Here`s some tips: Subwoofer placement in the room is by far the most important factor in the performance of the sub. Wear a tight belt, buy a long sub cable, and experiment to get the best location for your subwoofer. Most people start with the corner of their room. Subwoofers tend to use the corner walls and increase their output in the room. If you are going to put it in a corner, move a foot or so away from the walls so that the subwoofer does not become too boomy. The other option is to use the Subwoofer Crawl technique. Move the subwoofer to the position you normally sit. Play test tones or music with heavy bass. Walk (crawl) around the room slowly, preferably with an SPL meter, and listen or measure the bass sound. The location with the best bass performance is the perfect location for your sub. Mark it and move your sub there. Generally you hear louder bass sound closer to the walls. The worst place is in the middle of the room.

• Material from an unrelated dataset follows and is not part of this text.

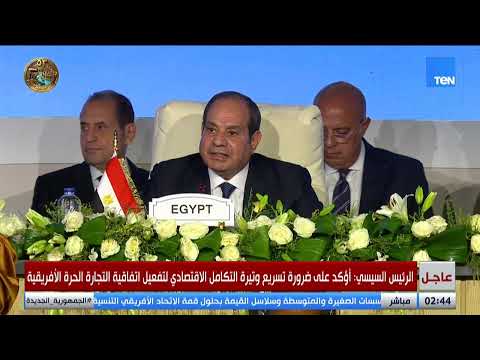 السيسي يدعو لتعزيز جهود منع النزاعات وتطوير آليات الإنذار المبكر في أفريقيا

Another thing that should help is adding a second sub , DYI sub raisers or buy the ones from Auralex . One day maybe you will be trying bass traps


----------



## nickwin (Dec 10, 2007)

Any general guidelines though? For instance regarding placement near sliding glass doors or room openings?


----------



## Almadacr (May 5, 2011)

Subwoofer`s are non directional . To have a idea what i want to say with this check out this Video from axiom 

Suwoofer crawl

Also you can get some free test tones to play your sub 

Here

and 

Here


----------



## eugovector (Sep 4, 2006)

It's hard to speak in generalities with sub-woofer placement, but moving the sub out of a 3 way intersection, the corner, to a 2 (front wall) or 1 (middle of the room, floor only will give you less output but a smoother response. Experimenting is the only way to know for sure.


----------



## Anthony (Oct 5, 2006)

If you have measurement software like REW or similar, you can put the sub at your listening position and take measurements around the room. The flattest response location is the best place to put the sub. The principal is called "superposition" and basically means that the sound wave is the same if the source and destination are swapped. In many cases it is much easier to move a microphone than the sub itself.

Aside from that, just experiment with different places. Despite what is often written, subs can be localized at certain frequencies (or harmonics thereof). For deep bass (sub 50Hz), the sub can be anywhere. If you have any appreciable content at 80 to 120Hz, you can start to hear the location. It bothers me, others don't care. Because of this, I always like the sub in the front of the room, if possible.

sometimes just a bit along the front wall, not shoved in the corner, flattens out the response a bit without losing much gain from the corner.

good luck and let us know how it turns out.


----------